From the material below, copy exactly the lines beginning with the one that contains "2022 Tesla Model" and ending with the one that contains "Deckelbezug von LEVNDIEJ"; the pictures stay out.

== EXERCISE DATA ==
__________________________________________________

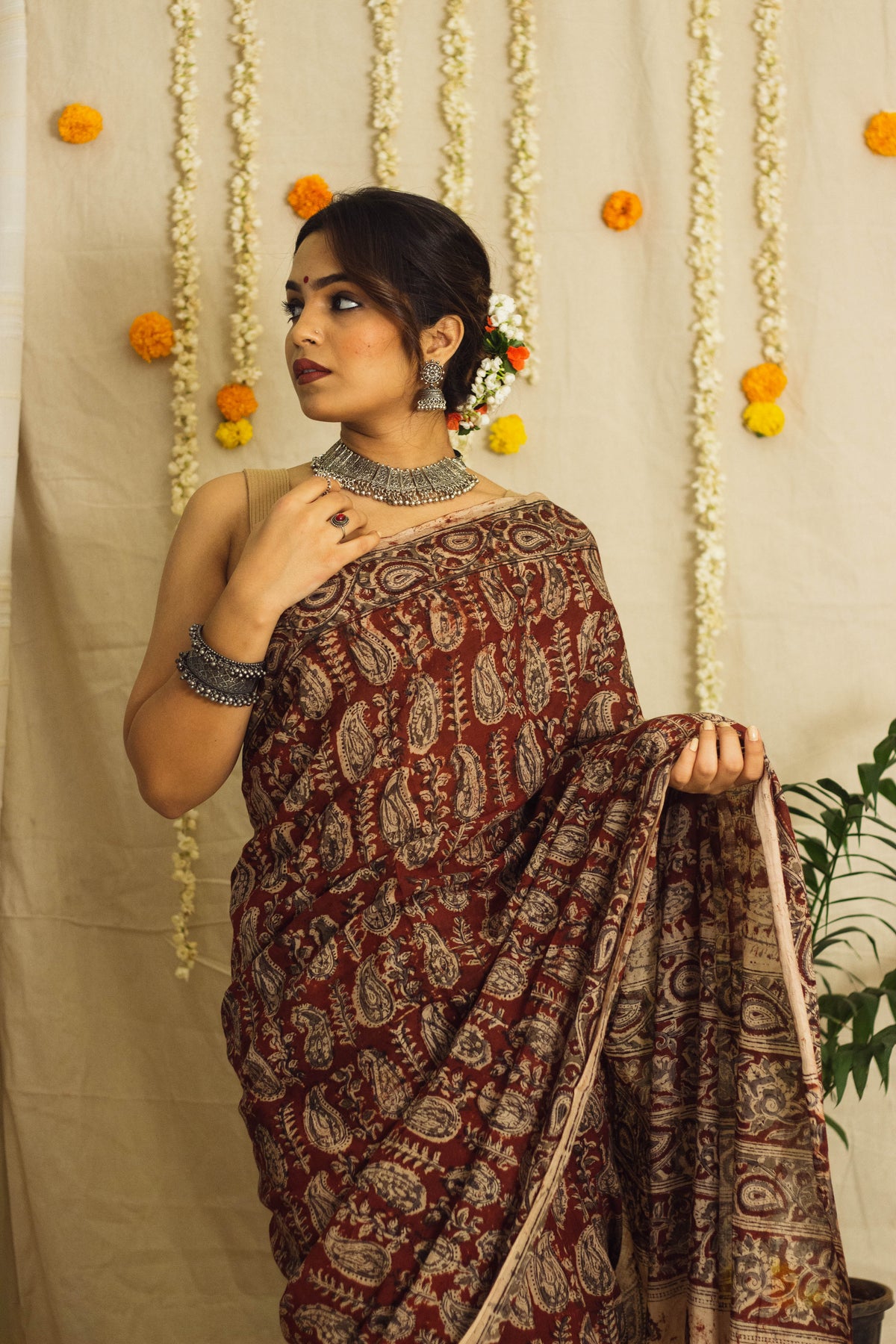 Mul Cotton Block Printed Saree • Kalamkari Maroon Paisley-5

__________________________________________________

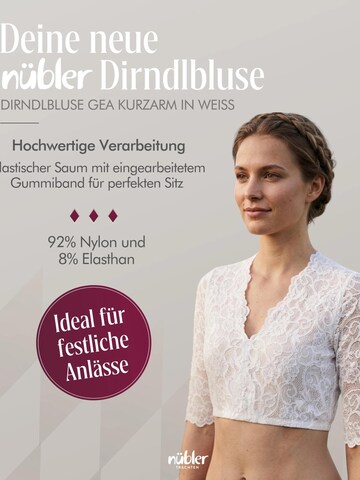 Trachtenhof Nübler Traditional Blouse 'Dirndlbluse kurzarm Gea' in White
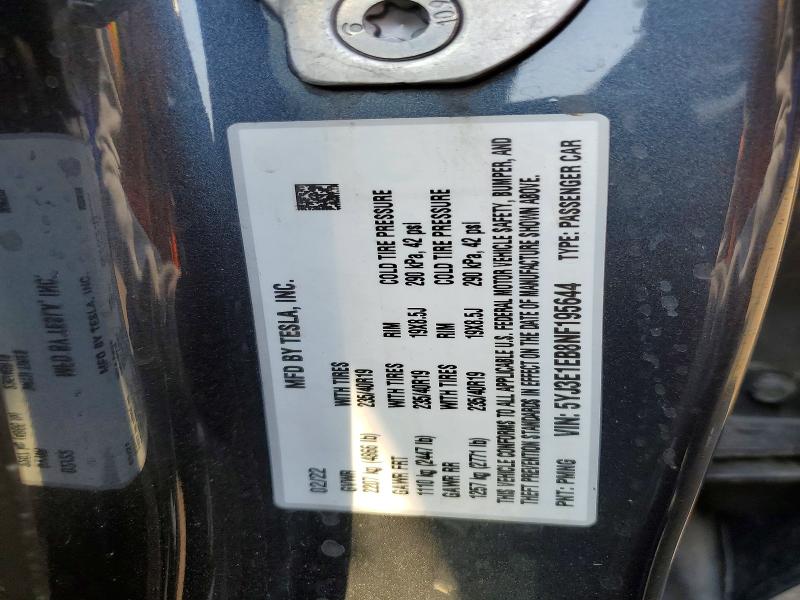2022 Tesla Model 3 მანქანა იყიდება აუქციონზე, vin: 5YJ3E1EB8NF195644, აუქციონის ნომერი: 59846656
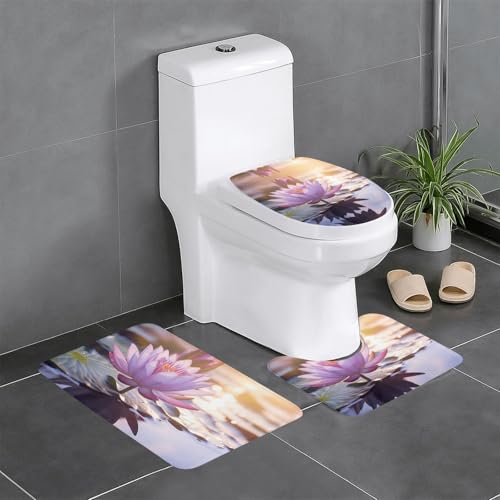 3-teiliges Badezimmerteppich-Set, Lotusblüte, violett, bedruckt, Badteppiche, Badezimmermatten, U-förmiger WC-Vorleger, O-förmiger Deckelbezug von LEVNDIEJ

__________________________________________________

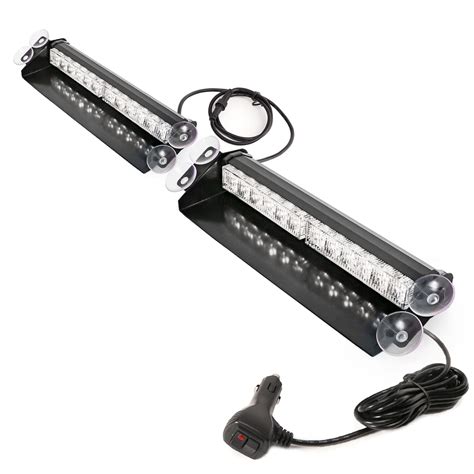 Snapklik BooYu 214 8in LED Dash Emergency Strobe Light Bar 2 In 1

__________________________________________________

== RESPONSE TO THIS EXERCISE ==
2022 Tesla Model 3 მანქანა იყიდება აუქციონზე, vin: 5YJ3E1EB8NF195644, აუქციონის ნომერი: 59846656
 3-teiliges Badezimmerteppich-Set, Lotusblüte, violett, bedruckt, Badteppiche, Badezimmermatten, U-förmiger WC-Vorleger, O-förmiger Deckelbezug von LEVNDIEJ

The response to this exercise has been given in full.